Exercise aim:
Transcribe the listing below only from the line with "Οι Ματέους Τετέ" up to and including the line with "Talia Sweater - Taupe - Image 3".

Data supplied:

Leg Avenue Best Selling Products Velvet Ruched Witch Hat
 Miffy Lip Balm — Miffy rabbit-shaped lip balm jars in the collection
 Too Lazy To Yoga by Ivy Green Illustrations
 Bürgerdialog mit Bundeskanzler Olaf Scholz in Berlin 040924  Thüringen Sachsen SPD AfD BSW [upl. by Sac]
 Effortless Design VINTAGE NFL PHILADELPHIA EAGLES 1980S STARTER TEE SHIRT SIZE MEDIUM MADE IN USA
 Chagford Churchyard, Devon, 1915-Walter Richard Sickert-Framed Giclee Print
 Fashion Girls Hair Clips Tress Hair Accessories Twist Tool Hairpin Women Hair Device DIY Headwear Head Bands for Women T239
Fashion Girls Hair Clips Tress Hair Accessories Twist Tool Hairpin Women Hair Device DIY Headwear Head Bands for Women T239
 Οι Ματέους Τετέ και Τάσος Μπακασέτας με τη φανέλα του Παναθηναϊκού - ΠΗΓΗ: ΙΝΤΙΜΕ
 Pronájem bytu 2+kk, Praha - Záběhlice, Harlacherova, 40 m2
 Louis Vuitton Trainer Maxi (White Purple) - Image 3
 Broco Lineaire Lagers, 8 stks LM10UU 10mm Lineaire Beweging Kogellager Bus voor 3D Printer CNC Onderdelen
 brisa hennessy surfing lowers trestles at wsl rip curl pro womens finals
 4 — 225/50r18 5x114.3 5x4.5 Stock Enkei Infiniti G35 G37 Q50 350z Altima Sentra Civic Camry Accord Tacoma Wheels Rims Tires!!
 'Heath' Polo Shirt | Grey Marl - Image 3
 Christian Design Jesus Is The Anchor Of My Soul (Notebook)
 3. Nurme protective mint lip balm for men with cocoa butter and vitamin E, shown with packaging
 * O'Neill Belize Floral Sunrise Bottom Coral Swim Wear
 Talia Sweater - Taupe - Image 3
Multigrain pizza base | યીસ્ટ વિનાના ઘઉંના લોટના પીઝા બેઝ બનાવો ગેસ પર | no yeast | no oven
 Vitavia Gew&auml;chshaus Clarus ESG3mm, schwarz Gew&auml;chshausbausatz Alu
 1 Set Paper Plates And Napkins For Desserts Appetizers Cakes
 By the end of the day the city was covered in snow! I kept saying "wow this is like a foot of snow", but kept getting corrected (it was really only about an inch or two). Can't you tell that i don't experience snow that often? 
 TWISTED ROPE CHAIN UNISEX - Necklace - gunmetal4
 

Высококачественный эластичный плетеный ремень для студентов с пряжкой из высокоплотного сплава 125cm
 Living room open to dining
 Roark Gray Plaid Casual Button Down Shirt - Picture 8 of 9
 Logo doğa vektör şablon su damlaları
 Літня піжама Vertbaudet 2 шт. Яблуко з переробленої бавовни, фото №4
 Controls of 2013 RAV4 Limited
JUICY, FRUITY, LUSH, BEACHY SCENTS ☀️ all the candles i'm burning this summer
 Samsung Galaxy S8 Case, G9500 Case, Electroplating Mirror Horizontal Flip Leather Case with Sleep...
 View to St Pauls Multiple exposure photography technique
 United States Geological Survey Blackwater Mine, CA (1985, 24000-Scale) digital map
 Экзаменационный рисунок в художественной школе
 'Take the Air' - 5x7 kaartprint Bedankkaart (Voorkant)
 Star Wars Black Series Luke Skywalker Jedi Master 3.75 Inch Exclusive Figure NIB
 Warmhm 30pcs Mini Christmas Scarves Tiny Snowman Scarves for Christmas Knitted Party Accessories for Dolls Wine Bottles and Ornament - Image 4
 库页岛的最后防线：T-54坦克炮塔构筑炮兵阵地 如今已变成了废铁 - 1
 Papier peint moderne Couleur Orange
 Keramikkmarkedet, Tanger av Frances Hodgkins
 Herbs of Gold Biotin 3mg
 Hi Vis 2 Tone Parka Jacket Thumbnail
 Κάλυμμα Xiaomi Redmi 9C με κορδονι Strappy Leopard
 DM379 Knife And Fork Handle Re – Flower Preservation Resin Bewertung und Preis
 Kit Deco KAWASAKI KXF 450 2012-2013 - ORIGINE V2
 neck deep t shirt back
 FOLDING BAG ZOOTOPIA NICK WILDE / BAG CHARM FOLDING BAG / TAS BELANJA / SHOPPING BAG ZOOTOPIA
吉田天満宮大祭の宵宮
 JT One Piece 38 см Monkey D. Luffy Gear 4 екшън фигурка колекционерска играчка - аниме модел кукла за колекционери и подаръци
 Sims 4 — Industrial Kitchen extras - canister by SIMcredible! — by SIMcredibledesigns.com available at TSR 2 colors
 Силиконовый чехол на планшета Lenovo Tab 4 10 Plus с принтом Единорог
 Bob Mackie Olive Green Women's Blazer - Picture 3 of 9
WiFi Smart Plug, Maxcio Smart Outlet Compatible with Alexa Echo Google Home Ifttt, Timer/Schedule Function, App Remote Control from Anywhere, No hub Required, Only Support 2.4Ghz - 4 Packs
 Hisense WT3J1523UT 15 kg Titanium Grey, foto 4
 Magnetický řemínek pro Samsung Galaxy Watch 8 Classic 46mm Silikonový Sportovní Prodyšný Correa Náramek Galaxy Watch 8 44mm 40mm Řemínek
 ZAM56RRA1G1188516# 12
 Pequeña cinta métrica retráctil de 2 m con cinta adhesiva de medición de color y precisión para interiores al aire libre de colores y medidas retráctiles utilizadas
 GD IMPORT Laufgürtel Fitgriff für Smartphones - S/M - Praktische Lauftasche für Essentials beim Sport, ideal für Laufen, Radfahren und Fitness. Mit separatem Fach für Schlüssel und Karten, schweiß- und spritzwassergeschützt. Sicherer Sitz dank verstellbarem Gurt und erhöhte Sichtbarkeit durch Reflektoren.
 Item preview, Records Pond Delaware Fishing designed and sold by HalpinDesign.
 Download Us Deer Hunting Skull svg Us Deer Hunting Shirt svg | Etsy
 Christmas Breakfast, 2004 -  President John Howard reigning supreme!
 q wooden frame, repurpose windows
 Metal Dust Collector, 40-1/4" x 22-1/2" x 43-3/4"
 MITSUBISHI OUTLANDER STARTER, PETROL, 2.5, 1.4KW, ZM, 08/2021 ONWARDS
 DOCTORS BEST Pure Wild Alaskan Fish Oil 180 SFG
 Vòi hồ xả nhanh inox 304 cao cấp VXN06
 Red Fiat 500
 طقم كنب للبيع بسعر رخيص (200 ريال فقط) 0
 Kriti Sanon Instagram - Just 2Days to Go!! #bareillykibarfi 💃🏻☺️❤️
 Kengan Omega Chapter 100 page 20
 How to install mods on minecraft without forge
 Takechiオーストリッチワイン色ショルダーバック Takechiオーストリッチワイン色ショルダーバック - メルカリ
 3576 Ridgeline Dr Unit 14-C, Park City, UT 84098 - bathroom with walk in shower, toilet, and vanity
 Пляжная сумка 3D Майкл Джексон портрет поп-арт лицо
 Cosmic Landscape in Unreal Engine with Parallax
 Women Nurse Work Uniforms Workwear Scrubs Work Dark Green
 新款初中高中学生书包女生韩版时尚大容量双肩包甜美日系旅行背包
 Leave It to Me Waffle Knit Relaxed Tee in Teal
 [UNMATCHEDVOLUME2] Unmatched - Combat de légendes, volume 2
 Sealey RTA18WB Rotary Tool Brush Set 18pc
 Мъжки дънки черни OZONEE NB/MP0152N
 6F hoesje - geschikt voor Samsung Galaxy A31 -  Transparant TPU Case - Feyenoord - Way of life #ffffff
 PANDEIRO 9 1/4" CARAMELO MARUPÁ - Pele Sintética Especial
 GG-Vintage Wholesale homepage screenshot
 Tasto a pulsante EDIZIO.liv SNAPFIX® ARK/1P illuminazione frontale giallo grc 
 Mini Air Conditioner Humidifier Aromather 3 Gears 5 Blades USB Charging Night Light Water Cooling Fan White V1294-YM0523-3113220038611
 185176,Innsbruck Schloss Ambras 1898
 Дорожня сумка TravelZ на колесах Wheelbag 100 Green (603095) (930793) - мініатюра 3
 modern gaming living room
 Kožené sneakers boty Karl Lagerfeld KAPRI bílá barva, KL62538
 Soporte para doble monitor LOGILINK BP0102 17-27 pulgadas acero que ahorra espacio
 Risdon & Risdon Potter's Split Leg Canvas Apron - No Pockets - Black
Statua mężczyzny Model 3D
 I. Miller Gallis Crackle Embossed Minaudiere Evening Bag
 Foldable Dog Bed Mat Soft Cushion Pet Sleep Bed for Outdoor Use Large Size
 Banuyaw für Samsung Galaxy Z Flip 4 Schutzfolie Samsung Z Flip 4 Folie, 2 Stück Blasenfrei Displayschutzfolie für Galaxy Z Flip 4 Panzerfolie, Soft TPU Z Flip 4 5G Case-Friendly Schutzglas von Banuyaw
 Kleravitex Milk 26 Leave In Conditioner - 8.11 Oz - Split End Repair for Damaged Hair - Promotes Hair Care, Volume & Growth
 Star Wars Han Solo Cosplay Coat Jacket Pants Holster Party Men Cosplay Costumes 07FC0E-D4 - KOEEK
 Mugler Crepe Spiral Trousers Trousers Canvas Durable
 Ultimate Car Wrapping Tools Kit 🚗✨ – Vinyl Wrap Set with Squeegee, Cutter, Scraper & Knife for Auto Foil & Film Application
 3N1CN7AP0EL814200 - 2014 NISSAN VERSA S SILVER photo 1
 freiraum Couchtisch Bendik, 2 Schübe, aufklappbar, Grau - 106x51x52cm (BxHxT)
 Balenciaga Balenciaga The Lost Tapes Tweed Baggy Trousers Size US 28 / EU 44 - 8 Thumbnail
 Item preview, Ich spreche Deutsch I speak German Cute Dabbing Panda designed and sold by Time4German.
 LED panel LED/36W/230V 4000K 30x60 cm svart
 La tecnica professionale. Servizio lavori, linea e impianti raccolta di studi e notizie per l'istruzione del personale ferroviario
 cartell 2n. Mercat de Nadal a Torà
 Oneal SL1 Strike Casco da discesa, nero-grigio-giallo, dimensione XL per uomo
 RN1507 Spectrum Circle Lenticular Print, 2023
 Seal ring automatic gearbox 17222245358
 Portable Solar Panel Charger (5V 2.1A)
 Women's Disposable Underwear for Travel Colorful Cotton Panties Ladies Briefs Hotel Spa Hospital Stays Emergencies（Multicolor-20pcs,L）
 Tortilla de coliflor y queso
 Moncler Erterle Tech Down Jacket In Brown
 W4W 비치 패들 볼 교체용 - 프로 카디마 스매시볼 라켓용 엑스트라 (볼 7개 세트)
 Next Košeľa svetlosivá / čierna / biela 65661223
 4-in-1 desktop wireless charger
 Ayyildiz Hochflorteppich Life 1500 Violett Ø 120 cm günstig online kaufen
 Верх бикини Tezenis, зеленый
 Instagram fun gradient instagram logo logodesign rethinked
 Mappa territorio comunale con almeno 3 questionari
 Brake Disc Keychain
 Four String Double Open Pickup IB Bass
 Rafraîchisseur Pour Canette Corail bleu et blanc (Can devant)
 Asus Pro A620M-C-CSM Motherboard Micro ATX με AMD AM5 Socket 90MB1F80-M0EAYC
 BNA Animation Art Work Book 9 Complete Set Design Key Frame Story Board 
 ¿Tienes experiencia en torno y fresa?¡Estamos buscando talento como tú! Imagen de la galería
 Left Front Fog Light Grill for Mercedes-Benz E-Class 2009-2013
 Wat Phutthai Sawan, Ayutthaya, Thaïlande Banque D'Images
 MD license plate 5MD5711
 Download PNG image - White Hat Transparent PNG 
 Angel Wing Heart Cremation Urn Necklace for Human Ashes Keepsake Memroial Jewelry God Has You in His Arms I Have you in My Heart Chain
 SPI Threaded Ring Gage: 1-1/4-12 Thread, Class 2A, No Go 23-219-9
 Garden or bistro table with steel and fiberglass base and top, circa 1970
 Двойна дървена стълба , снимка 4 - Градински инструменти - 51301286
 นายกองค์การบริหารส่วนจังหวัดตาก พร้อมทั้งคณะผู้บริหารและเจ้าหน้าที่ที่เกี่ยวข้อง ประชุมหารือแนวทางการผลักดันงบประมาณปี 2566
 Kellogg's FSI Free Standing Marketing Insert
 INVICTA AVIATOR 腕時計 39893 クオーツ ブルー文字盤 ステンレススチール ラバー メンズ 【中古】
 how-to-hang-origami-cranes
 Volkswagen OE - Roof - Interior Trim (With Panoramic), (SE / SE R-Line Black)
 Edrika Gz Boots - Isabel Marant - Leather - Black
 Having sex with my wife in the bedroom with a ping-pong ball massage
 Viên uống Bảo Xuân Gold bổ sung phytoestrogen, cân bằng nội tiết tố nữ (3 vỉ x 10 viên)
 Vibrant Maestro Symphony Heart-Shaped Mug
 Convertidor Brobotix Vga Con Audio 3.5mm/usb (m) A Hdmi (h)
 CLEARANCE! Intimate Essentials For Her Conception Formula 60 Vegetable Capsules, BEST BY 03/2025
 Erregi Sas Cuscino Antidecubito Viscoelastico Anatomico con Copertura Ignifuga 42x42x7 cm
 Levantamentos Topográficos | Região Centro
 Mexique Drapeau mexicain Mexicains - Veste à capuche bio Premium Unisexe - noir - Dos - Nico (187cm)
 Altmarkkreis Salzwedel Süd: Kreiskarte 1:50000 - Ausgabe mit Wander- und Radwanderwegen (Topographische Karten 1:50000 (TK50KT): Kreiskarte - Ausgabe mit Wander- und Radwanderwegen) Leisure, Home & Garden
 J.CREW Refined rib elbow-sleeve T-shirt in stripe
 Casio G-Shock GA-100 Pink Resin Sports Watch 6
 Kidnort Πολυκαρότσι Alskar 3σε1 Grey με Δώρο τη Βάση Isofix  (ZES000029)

Expected answer:
 Οι Ματέους Τετέ και Τάσος Μπακασέτας με τη φανέλα του Παναθηναϊκού - ΠΗΓΗ: ΙΝΤΙΜΕ
 Pronájem bytu 2+kk, Praha - Záběhlice, Harlacherova, 40 m2
 Louis Vuitton Trainer Maxi (White Purple) - Image 3
 Broco Lineaire Lagers, 8 stks LM10UU 10mm Lineaire Beweging Kogellager Bus voor 3D Printer CNC Onderdelen
 brisa hennessy surfing lowers trestles at wsl rip curl pro womens finals
 4 — 225/50r18 5x114.3 5x4.5 Stock Enkei Infiniti G35 G37 Q50 350z Altima Sentra Civic Camry Accord Tacoma Wheels Rims Tires!!
 'Heath' Polo Shirt | Grey Marl - Image 3
 Christian Design Jesus Is The Anchor Of My Soul (Notebook)
 3. Nurme protective mint lip balm for men with cocoa butter and vitamin E, shown with packaging
 * O'Neill Belize Floral Sunrise Bottom Coral Swim Wear
 Talia Sweater - Taupe - Image 3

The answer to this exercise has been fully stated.